Half of GPs have seen a jump in the number of patients attending practices following private screening of their glucose or cholesterol levels – even though many of the patients do not actually require treatment – a Pulse survey reveals.
Of 363 GPs surveyed, 49% said that they had noticed an increased attendance rate as a result of private screening, with respondents estimating that, on average, just 10% of these patients were need of treatment. 43% of GPs said they had not seen a rise while 8% were unsure.
It is becoming commonplace for pharmacies to offer glucose and blood pressure tests, with the GPC warning that some patients are paying up to £500 for private screening.
GPC prescribing lead Dr Bill Beeby said practices were having to ‘pick up the pieces’ from patients receiving results from these screenings.
He said: ‘GPs sometimes have to pick up the pieces by interpreting things that should have been interpreted by the people who did the screening. If someone is doing a test they should be able to explain the results to the patient.’
Patients who obtain isolated readings for cholesterol or glucose levels could become either unnecessarily worried or falsely assured, he added. ‘I don’t mind if people want to get screened privately, although it can cost them £300-£350 to find out something that we can do for free. Sometimes with private screenings all they get is a printout that just tells them to stop smoking, lose a bit of weight and do some exercise.’
Dr Stewart Findlay, chief clinical officer of Durham Dales, Easington and Sedgefield CCG and a GP in Bishop Auckland with an interest in primary prevention, said the pressure on workload could increase when local authorities take responsibility for public health checks.
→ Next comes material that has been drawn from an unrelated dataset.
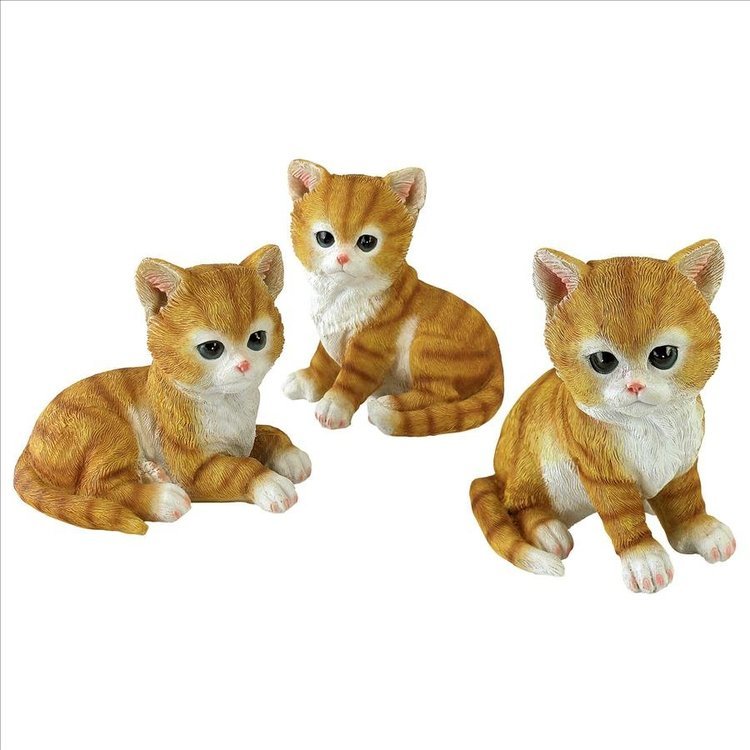 3匹のトラ毛の子猫ちゃん、 赤ちゃんネコ達彫像 装飾彫刻 置物 カフェ パブ ホテル(輸入品_画像2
He said: ‘Local authorities will outsource it, and it will become normal for patients to have the screening and then see the GPs after. This is inefficient and means duplication of work. If you are over 40 then you should be having your health check every five years. You don’t need to go anywhere else if you are not receiving treatment.’
Screening on pharmacists’ premises has very limited use, because tests are often done in isolation, Dr Findlay added. ‘They might only do checks for cholesterol, and not thyroid or blood sugar.’
Professor Ahmet Fuat, a GP in Darlington and a professor of primary care cardiology at the University of Durham, said he had noticed an increase in patients at his own surgery following private screenings.
But he added: ‘I don’t think there is anything wrong in people getting private screening. Many of the patients have been screened at a chemist’s, and they are entitled to that. It does create a bit more work for GPs – but screenings pick up treatable conditions.’
However, Professor Fuat said that he did not believe private screening should include ultrasound tests and ECGs.
Dr Andrew Mimnagh, a GP in Sefton, Merseyside said: ‘The high street ambulatory services have mobilised the worried well. The majority of folk who come to my surgery thinking they have high cholesterol find out they don’t actually have any problems once they have had a proper intervention using something like the QRISK prediction algorithm for cardiovascular disease. All they need is lifestyle advice. In the high street there is no access to literature or personal support so they come to the GP practice. There is a big disconnect there.’
‘In terms of hard-pressed GP practices, these patients are a long way down the pecking order. We don’t have a huge number of patients turning up after private screenings, but a key problem among them is that they are experiencing disproportionately high anxiety levels.’